- [ACTIVITY]:
Reproduce the listing below in full and exactly; no pictures belong in the copy.

- [STORED DATA]:
------------------------------------------------

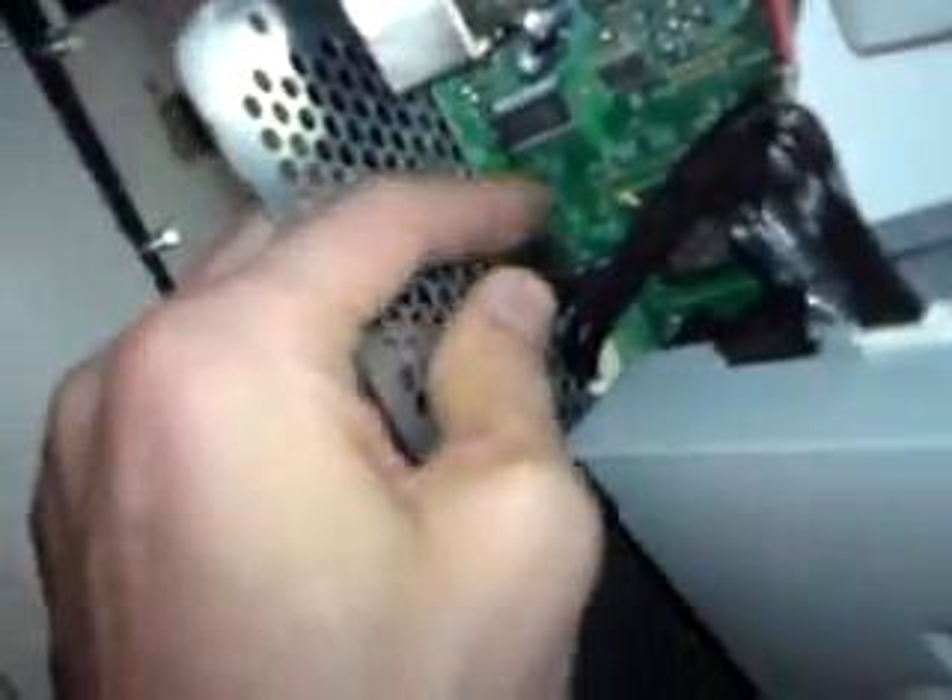Engage the power lead — I'm doing this with one hand. There you go, that's in.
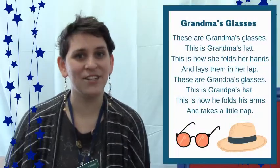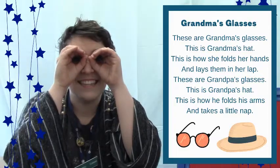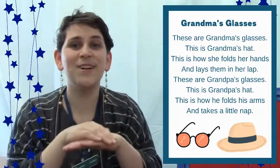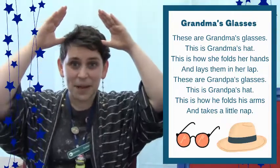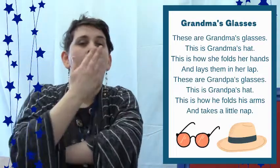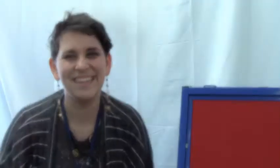Now I have a finger play to share. These are Grandma's glasses. This is Grandma's hat. And this is how she folds her hands and lays them in her lap. These are Grandpa's glasses. This is Grandpa's hat. And this is how he folds his arms and takes a little nap. Great job.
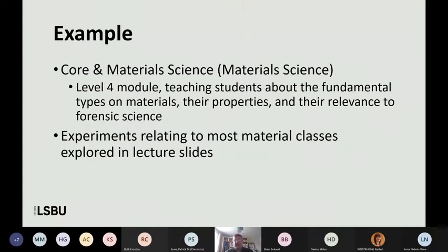The main example I'll give is the module I teach to year one students, which is Core Material Science — that's my first degree. What we're trying to do there is teach students about materials, different types of materials, what their properties are, and their relevance to forensic science. So things like: what is a fibre made of, the different types — natural versus synthetic — how they relate to fibers in year two, what is glass, what's the structure of a metal, how do metals deform, and so on. I was trying to find experiments relating to these material classes.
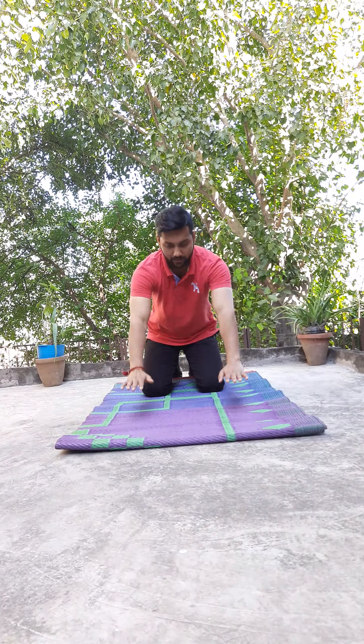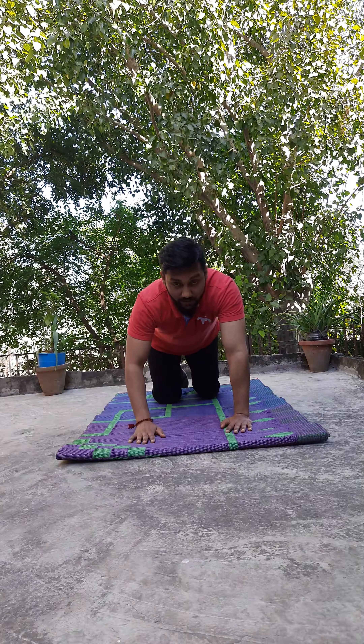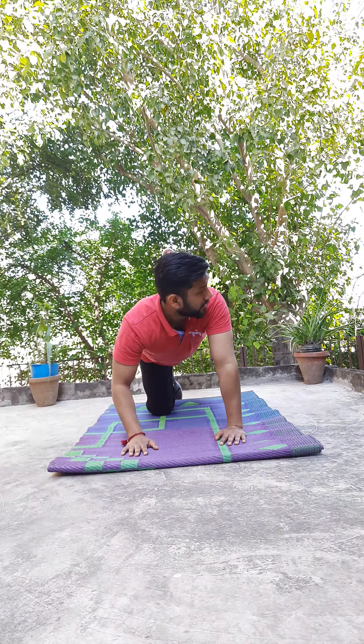Now this is the last exercise for this video — the core exercise. Hands down, look forward. Take back your leg, raise your left leg and raise your right hand, and balance here for 20 seconds. This is the core muscle exercise. Then slowly bring it down, change your leg and change your hand.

------------------------------------------------

- [EXERCISE SOLUTION]:
Engage the power lead — I'm doing this with one hand. There you go, that's in.
Now I have a finger play to share. These are Grandma's glasses. This is Grandma's hat. And this is how she folds her hands and lays them in her lap. These are Grandpa's glasses. This is Grandpa's hat. And this is how he folds his arms and takes a little nap. Great job.
The main example I'll give is the module I teach to year one students, which is Core Material Science — that's my first degree. What we're trying to do there is teach students about materials, different types of materials, what their properties are, and their relevance to forensic science. So things like: what is a fibre made of, the different types — natural versus synthetic — how they relate to fibers in year two, what is glass, what's the structure of a metal, how do metals deform, and so on. I was trying to find experiments relating to these material classes.
Now this is the last exercise for this video — the core exercise. Hands down, look forward. Take back your leg, raise your left leg and raise your right hand, and balance here for 20 seconds. This is the core muscle exercise. Then slowly bring it down, change your leg and change your hand.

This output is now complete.